Perhaps Congress should change the price fixing laws... What about Amazon? Just trying to anticipate the response from Apple.

4 of 84 comments (clear)

  1. What price-fixing laws? by Etherwalk · · Score: 5, Informative

    Perhaps Congress should change the price fixing laws...

    There aren't really "price-fixing laws." The Sherman Anti-Trust act prohibits "restraint of trade," which is written by Congress to allow courts to develop antitrust law however they want. Technically every contract made could be "restraint of trade," but the courts generally only apply it to certain pretty explicit anti-competitive behavior, such as explicit price-fixing with competitors. You are still allowed to do other things which discourage competition, like integrating vertically within an industry.

  2. Re:Anyone know how the voting went? by Etherwalk · · Score: 5, Informative

    I'm wondering if Scalia's death caused them to lose. Apple was probably counting on his vote when they first agreed to pursue the litigation instead of settling for $70 mil. It's amazing how much of affect SCOTUS has. Probably too much...

    No. It take four justices to agree to hear a case, which means that if Justice's Scalia's death made a difference in terms of whether they would hear the case, then they would have only had four justices on their side and would not have been able to win at the Supreme Court anyway.
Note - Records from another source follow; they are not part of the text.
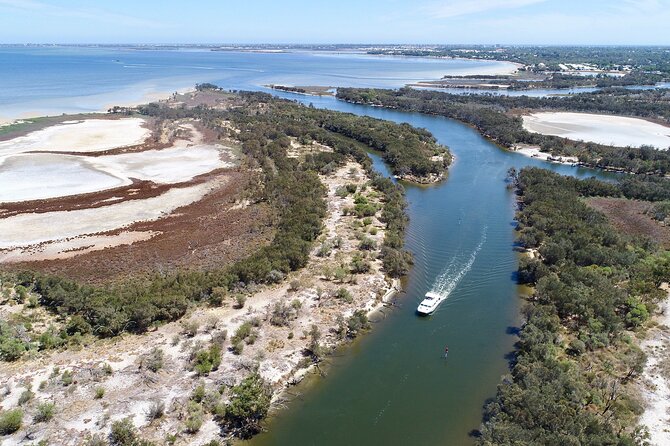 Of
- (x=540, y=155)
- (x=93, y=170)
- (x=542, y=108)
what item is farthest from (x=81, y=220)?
(x=542, y=108)

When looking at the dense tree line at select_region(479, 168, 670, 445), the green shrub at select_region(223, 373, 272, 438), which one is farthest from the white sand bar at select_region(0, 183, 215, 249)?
the dense tree line at select_region(479, 168, 670, 445)

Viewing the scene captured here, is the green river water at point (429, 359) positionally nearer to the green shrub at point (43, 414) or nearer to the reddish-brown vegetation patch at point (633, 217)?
→ the green shrub at point (43, 414)

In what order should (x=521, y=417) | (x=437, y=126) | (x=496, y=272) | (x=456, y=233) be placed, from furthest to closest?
(x=437, y=126) < (x=456, y=233) < (x=496, y=272) < (x=521, y=417)

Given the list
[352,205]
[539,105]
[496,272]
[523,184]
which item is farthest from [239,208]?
[539,105]

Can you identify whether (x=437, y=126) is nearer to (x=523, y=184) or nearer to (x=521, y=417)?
(x=523, y=184)

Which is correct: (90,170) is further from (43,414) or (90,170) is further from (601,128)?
(601,128)

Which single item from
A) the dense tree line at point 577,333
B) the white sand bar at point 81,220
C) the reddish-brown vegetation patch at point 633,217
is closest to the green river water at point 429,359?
the dense tree line at point 577,333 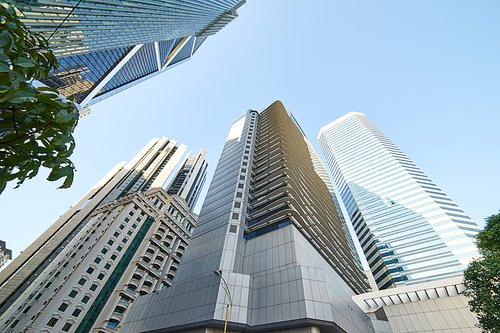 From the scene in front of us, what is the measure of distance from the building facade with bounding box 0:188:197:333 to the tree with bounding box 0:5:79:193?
52.5m

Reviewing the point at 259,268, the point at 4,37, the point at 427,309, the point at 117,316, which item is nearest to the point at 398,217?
the point at 427,309

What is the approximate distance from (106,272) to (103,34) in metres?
53.1

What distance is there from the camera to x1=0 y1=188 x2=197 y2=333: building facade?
4197cm

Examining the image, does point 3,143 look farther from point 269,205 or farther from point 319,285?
point 269,205

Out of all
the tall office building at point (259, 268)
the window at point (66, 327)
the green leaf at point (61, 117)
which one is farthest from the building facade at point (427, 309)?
the window at point (66, 327)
    Realistically, the Supreme Court very rarely takes cases to begin with. Big name parties like Apple makes them more likely to be heard, because the justices may be more interested and they will hire good experts to write the briefs and get amici on-board and the like, but it is still very unlikely. But complicated cases like in-depth patent or anti-trust cases are usually bad cases for making new case law, and they take up a lot of time, so the Supreme Court usually doesn't hear them anyway.

  3. Re:Apple did this for a reason. by bws111 · · Score: 3, Informative

    Ha ha! Good one! Apple did it so they didn't have to compete on price, and for no other reason.

  4. Re:Um no by bws111 · · Score: 5, Informative

    Amazon does not dictate price. Amazons buys books from the publisher and resells them for whatever price Amazon wants. They can buy a book for $5 and sell it for $10, or they can buy it or $5 and sell it for $2. And all of their competitors can sell books for whatever price the competitors want. The pressure Amazon can exert is on the publishers, to get the best price. But the competitors are still free to set their own prices, even if it may be painful to compete with Amazon.

    Of course, this model is intolerable to Apple. There is no shiny to be sold with an ebook. A book purchased from Amazon is indistinguishable from one purchased from Apple! The only way for Apple to compete would be on price! The horror!

    So, what Apple did was go to the publishers and get them to change to the agency model. No longer would the publishers sell to the retailers with the retailers setting their own prices. The PUBLISHER would set the price to the CONSUMER, and the retailer would get a cut of that. Apple would get its 30%. So far, no real problem. Here is where the problem occurs - Apple made deals with the publishers that NOBODY could SELL a book for less than Apples price. Even if a competitor was willing to take a smaller cut the price to the consumer could not fall, the publisher just kept more. Prices were, wait for it, fixed.